**DESCRIPTION OF THE TASK:**
Leave the pictures out and reproduce, exactly, the lines from the one with "Comprar Online Mala" through the end of the entries below.

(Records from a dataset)

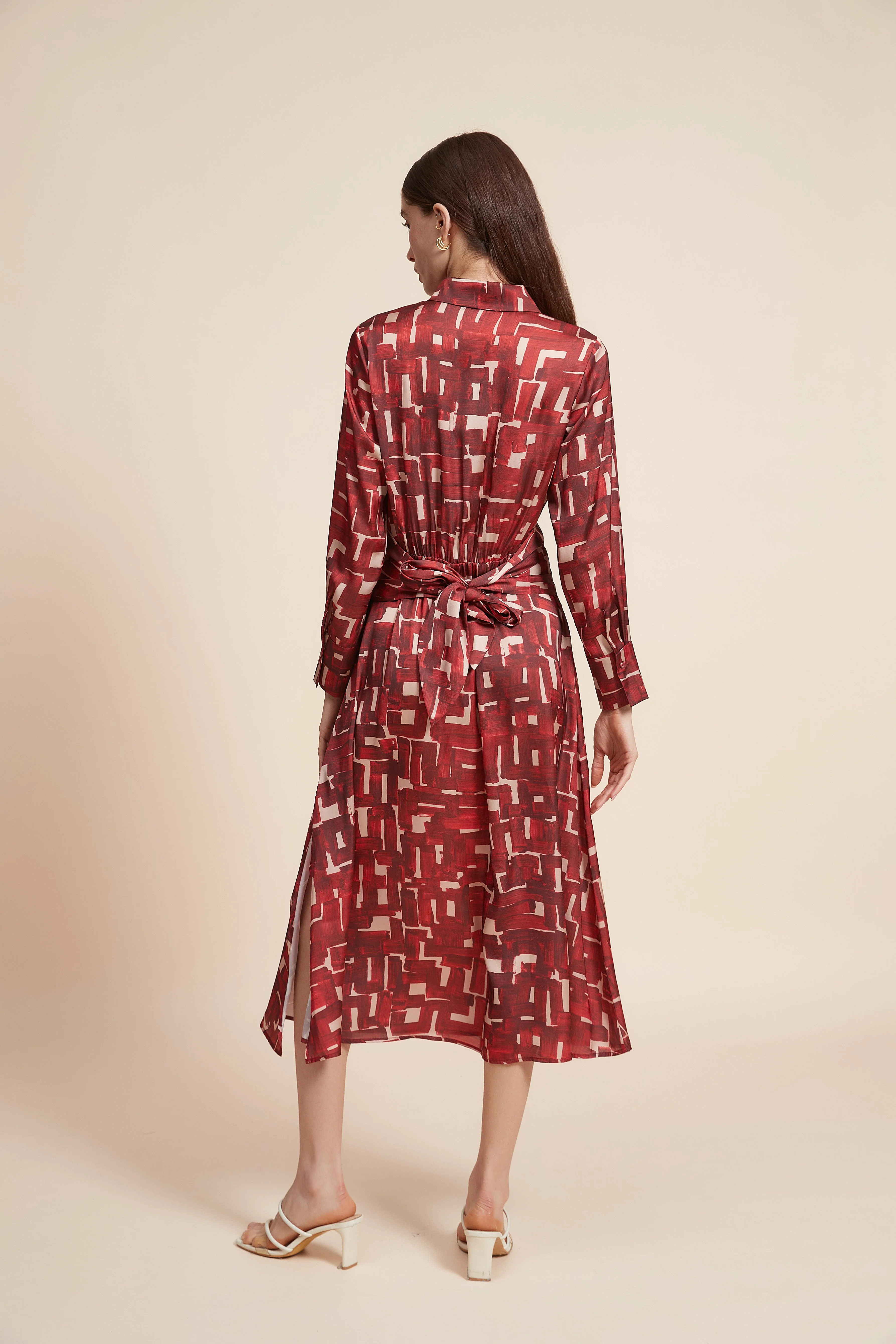 Printed Long Sleeve Maxi Dress - Image 7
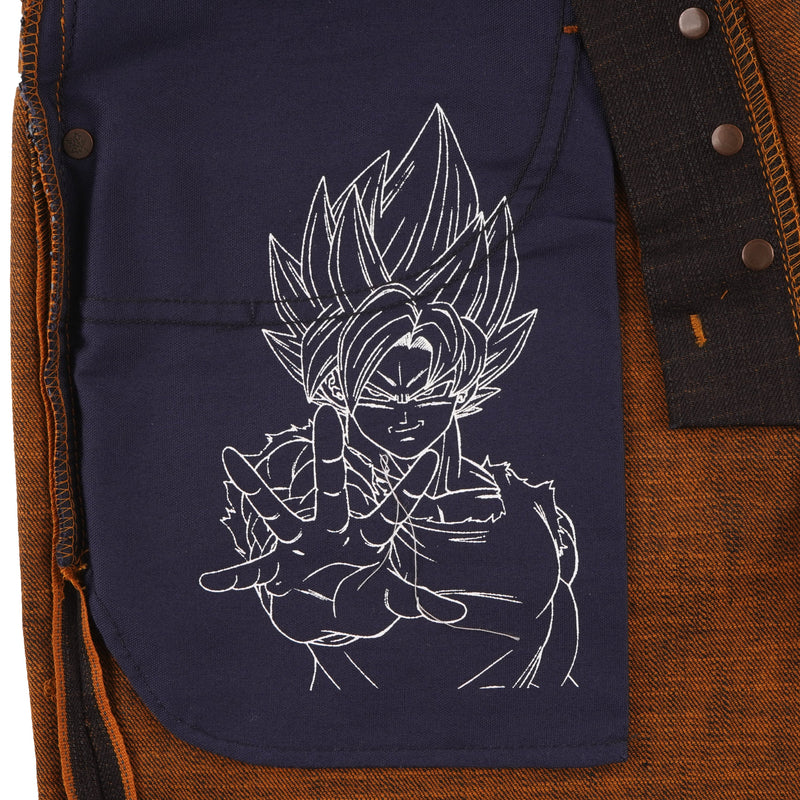 Weird Guy Goku Super Saiyan Selvedge Naked Famous Denim Tate Yoko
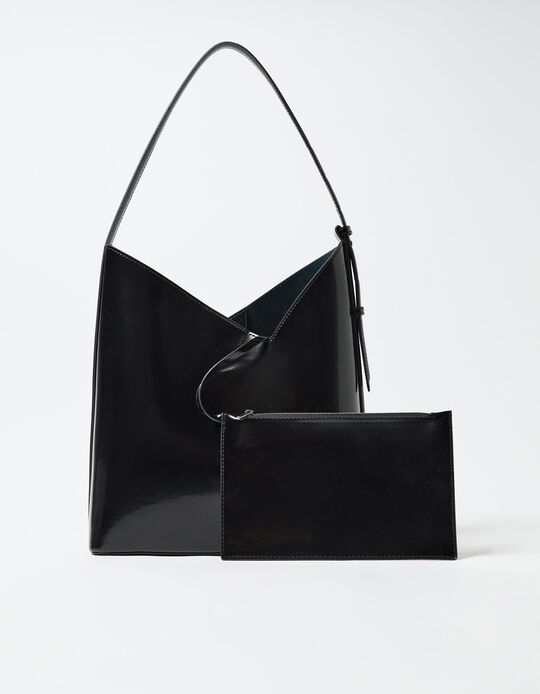 Comprar Online Mala Tiracolo Assimétrica, Mulher, Preto 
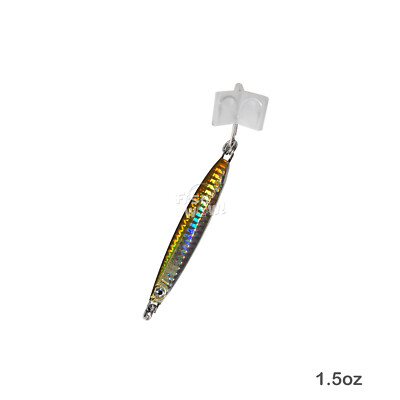 Jig Vertical Colt Sniper 3.5 Oz (100g) Mustad, Leurre Poissons Multiples, Couleurs Aléatoires
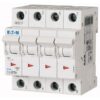 PLS6-C15/4-MW 243086 EATON ELECTRIC Over current switch, 15A, 4 p, type C characteristic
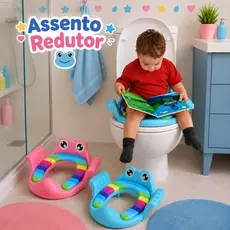 Assento Redutor para Vaso Sanitário Assento Infantil Treinamento Desfralde Bebê Almofadado Sapo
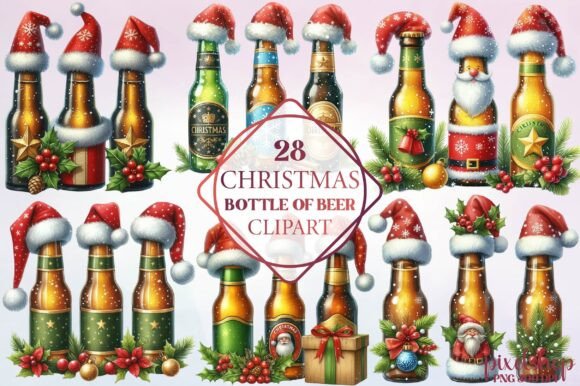 Christmas Beer Clipart: Festive Illustrations Review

**RESPONSE TO THIS TASK:**
 Comprar Online Mala Tiracolo Assimétrica, Mulher, Preto 
 Jig Vertical Colt Sniper 3.5 Oz (100g) Mustad, Leurre Poissons Multiples, Couleurs Aléatoires
 PLS6-C15/4-MW 243086 EATON ELECTRIC Over current switch, 15A, 4 p, type C characteristic
 Assento Redutor para Vaso Sanitário Assento Infantil Treinamento Desfralde Bebê Almofadado Sapo
 Christmas Beer Clipart: Festive Illustrations Review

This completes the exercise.